Example Workflow
castform-example-workflow.RmdBelow is an example of a typical end-to-end workflow using the castform package to analyze historic weather station data from Prince Edward Island, Canada.
(1) Download the latest station inventory
Make sure that we are working with the most up-to-date station inventory list from Environment Canada
(2) Look up the stations available in Prince Edward Island
Summarize stations in our province of interest to ensure that there is enough data to complete an analysis on.
PE_stations <- station_lookup(province = "prince edward island")
c("Number of stations" = nrow(PE_stations),
"Earliest Collection Year" = min(PE_stations$HLY.First.Year),
"Latest Collection Year" = max(PE_stations$HLY.Last.Year))## Number of stations Earliest Collection Year Latest Collection Year
## 11 1953 2026
From the station look-up, there are 83 weather stations in Nova Scotia with data available in varying ranges from 1953 to 2026.
(3) Test Download with One File
Before committing, we will test our downloads by downloading the first month of available data from the first station (Station Name = “CHARLOTTETOWN A” ; Station ID = 6526)
get_single_station_file(station_id = 7103,
root_folder = "castform_outputs")(4) Download Province Stations
Now that we ensure the download works and creates the directory in the correct place, we can move onto the pull province download.
province_station_files(province = "prince edward island",
root_folder = "castform_outputs")(5) Create the Database
Next, we can create an sqlite database to store downloaded data and allow for analysis through queries.
build_station_database(db_name = "PEI",
root_folder = "castform_outputs/PRINCE_EDWARD_ISLAND,
output_dir = "castform_outputs")Before continuing, we must validate the created database
(NS_database.sqlite) to ensure that the data is stored with
the proper schema.
validate_database(db_name = "PEI",
db_dir = "castform_outputs")## Database not found. Please double check the entered database name, the database directory, and ensure the build_station_database function finished successfully.
(6) Exploratory Data Analysis
Now we can explore the downloaded data.
(6a) Station Map
First, we will create a map to visualize the stations we are working with.
station_map(db_name = "PEI",
db_dir = "castform_outputs",
output_dir = "castform_outputs",
metadata_stations = FALSE)
(6b) Data Missingness
Next, we can create a table that summarizes how much data is missing within the variables of each station.
data_missingness_table(db_name = "PEI",
db_dir = "castform_outputs",
output_dir = "castform_outputs",
write_csv = TRUE)
(6c) Data Ranges
Next, we can create a table that summarizes how much data is average, minimum, and maximum values of each variable of each station.
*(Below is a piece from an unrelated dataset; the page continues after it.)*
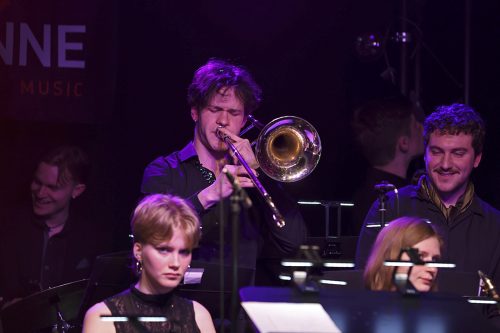 2026 02 15-JJO-IMG 6772-B-©PeterRFischer-web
data_ranges(db_name = "PEI",
db_dir = "castform_outputs",
output_dir = "castform_outputs/PEI_outputs",
write_csv = TRUE)
(6f) Visualize Yearly Means
Next, we can create a plot that visualizes the means of each station vairable over time. This can also help identify which years of data are missing in each station.
plot_yearly_means(db_name = "PEI",
db_dir = "castform_outputs",
output_dir = "castform_outputs",
write_csv = TRUE)
(6e) Visualize Missing Strings
Next, we can create a table and plot that identifies when strings of missing variable data occurred. This allows us to see exactly what hour the missing data starts and see how long it was missing for.
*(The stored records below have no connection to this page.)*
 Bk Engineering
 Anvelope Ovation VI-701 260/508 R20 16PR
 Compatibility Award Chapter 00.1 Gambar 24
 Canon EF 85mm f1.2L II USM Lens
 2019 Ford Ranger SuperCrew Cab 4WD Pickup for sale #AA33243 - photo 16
NOTE: This output takes long to load on a large dataset so it was run on a subset of the database (only one station)
pull_missing_strings(db_name = "PEI",
db_dir = "castform_outputs",
output_dir = "castform_outputs",
write_csv = TRUE)
(6f) Visualize Repeated Strings
Last, we can create a table and plot that identifies when strings of repeated and identical data strings occurred. This allows us to see exactly what hour the repetition starts and see how long it lasts. This helps identify faulty machinery that may impact that reliability of our data.
NOTE: This output takes long to load on a large dataset so it was run on a subset of the database (only one station)
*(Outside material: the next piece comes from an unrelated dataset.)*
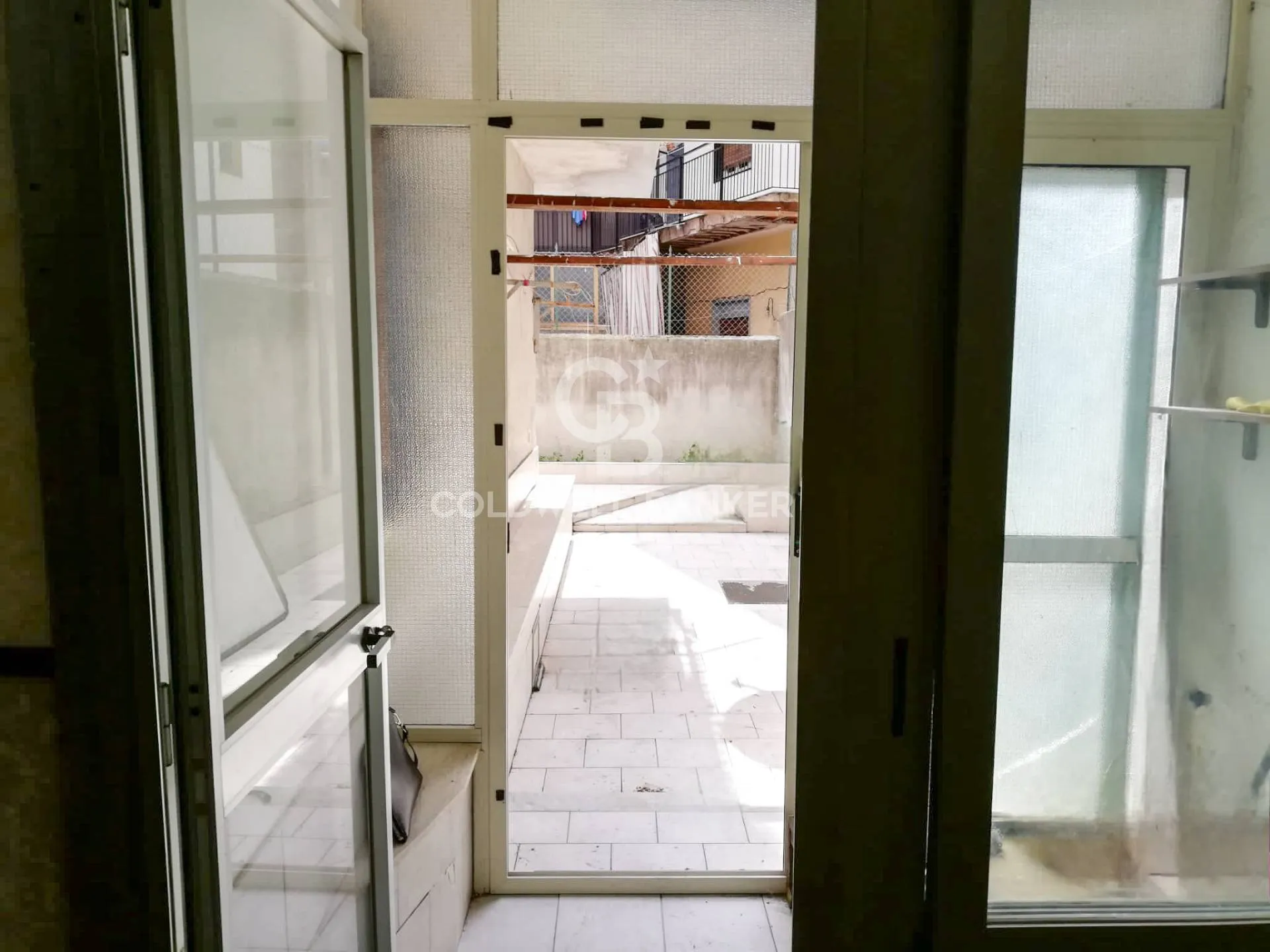 Immagine per Appartamento in vendita a Sant'Agata li Battiati Via scala di betta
pull_repeated_strings(db_name = "PEI",
db_dir = "castform_outputs",
output_dir = "castform_outputs",
write_csv = TRUE)
(7) Detect Heat Waves
After we have explored our data, understand its organization, and are aware of its flaws, we can use it to detect extreme heat wave events in historical data.
heatwave_detector(db_name = "PEI",
db_dir = "castform_outputs",
output_dir = "castform_outputs",
write_csv = TRUE)